Geographical Features of Madagascar, from Coast to Coast19.9S 45.7E
At 592,800 square kilometres (228,900 sq mi), Madagascar is the world’s 47th largest country and the fourth largest island. Along the length of the eastern coast runs a narrow and steep escarpment containing much of the island’s remaining tropical rain forest. To the west of this ridge lies a plateau region in the center of the island ranging in altitude from 750 to 1,500 m (2,460 to 4,920 ft) above sea level. These central highlands are the most densely populated part of the island and are characterized by terraced, rice-growing valleys lying between grassy, deforested hills. To the west of the highlands, the increasingly arid terrain gradually slopes down to the Mozambique Channel.

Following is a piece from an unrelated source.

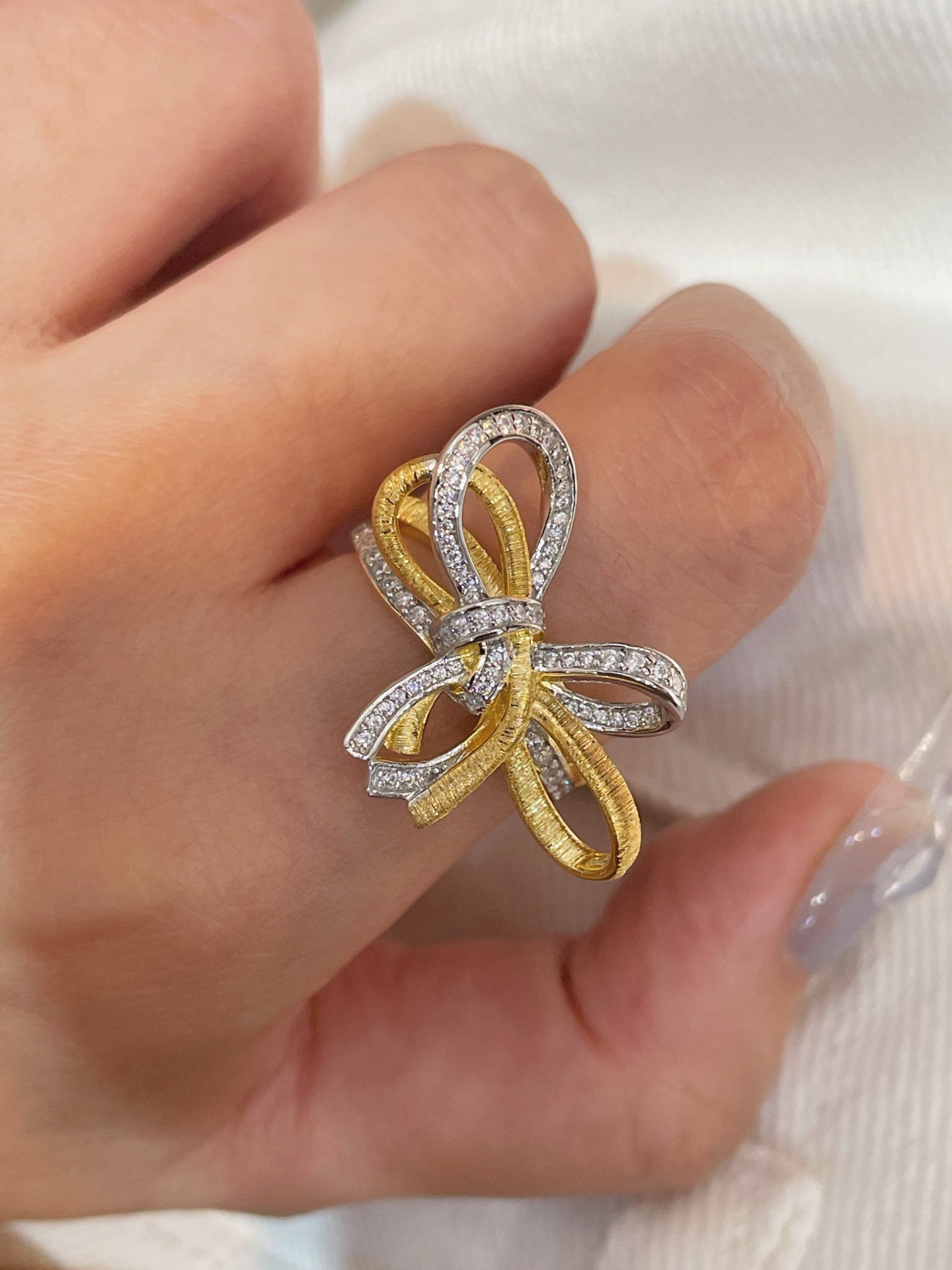 Sculptural Two-Tone Brushed Bow Statement Ring - floysun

Madagascar’s highest peaks arise from three prominent highland massifs: Maromokotro 9,436 ft (2,876 m) on the Tsaratanana Massif is the island’s highest point, followed by Boby Peak 2,658 m (8,720 ft) on the Andringitra Massif and Tsiafajavona 2,643 m (8,671 ft) on the Ankaratra Massif. To the east, the Canal des Pangalanes is a chain of man-made and natural lakes connected by French-built canals just inland from the east coast, running parallel to it for some 600 km (370 mi). The western and southern sides, which lie in the rain shadow of the central highlands, are home to tropical dry forests, thorn forests, and deserts and xeric shrublands. Presumably due to relatively lower population densities, Madagascar’s dry deciduous rain forest has been better preserved than the eastern rain forests or the original woodlands of the central plateau. The western coast features many protected harbors, but silting is a major problem caused by sediment from the high levels of inland erosion carried by rivers crossing the broad western plains. In the full image, reddish sediments can be seen entering the waters of the Mozambique Channel along the western coast.